1. Katz JA, Karpecki PM, Dorca A, et al. Presbyopia – a review of current treatment options and emerging therapies. Clin Ophthalmol. 2021;15:2167-2178.
2. Lee KE, Klein BE, Klein R, Wong TY. Changes in refraction over 10 years in an adult population: the Beaver Dam Eye Study. Invest Ophthalmol Vis Sci. 2002;43(8):2566-2571.
3. Grosvenor T, Skeates PD. Is there a hyperopic shift in myopic eyes during the presbyopic years? Clin Exp Optom. 1999;82(6):236-243.
4. Durrie DS, Schumer DJ, Cavanaugh TB. Holmium:YAG laser thermokeratoplasty for hyperopia. J Refract Corneal Surg. 1994;10(2 suppl):S277-280.

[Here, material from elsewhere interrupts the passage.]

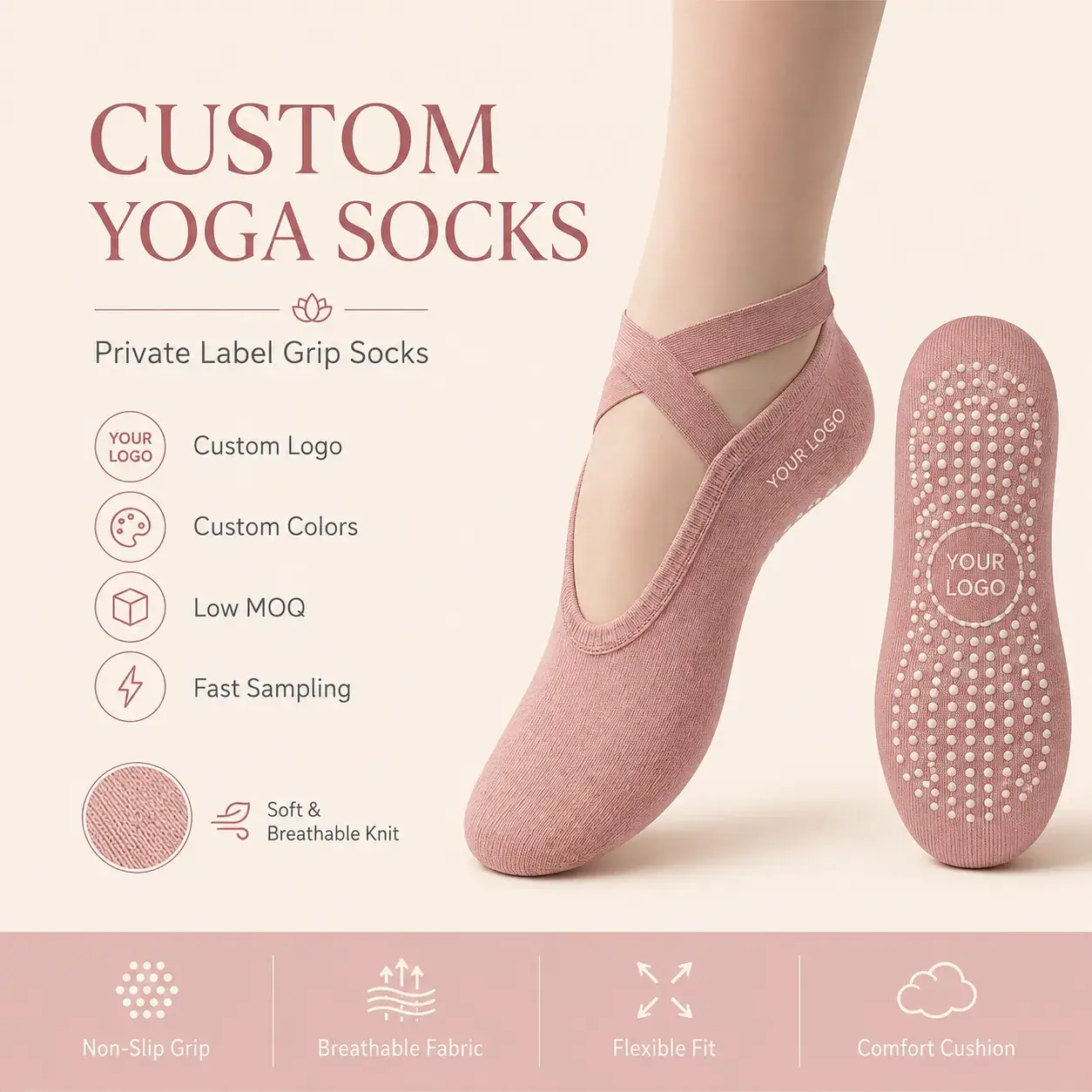 AI-generated custom yoga socks design reference; not an actual product photograph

5. McDonald MB, Hersh PS, Manche EE, Maloney RK, Davidorf J, Sabry M; Conductive Keratoplasty United States Investigators Group. Conductive keratoplasty for the correction of low to moderate hyperopia: U.S. clinical trial 1-year results on 355 eyes. Ophthalmology. 2002;109(11):1978-1989.
6. Hersh PS. Optics of conductive keratoplasty: implications for presbyopia management. Trans Am Ophthalmol Soc. 2005;103:412-456.
7. Sinjab MM, Rubinfeld RS, Wagner K, Parsons Jnr EC, Cummings AB, Belin MW. Outcomes of conductive keratoplasty combined with corneal crosslinking in advanced ectatic corneal disease. Clin Ophthalmol. 2021;15:1317-1329.
8. Veritti D, Sarao V, Lanzetta P. Optimal keratoplasty for the correction of presbyopia and hypermetropia. J Ophthalmol. 2017;2017:7545687.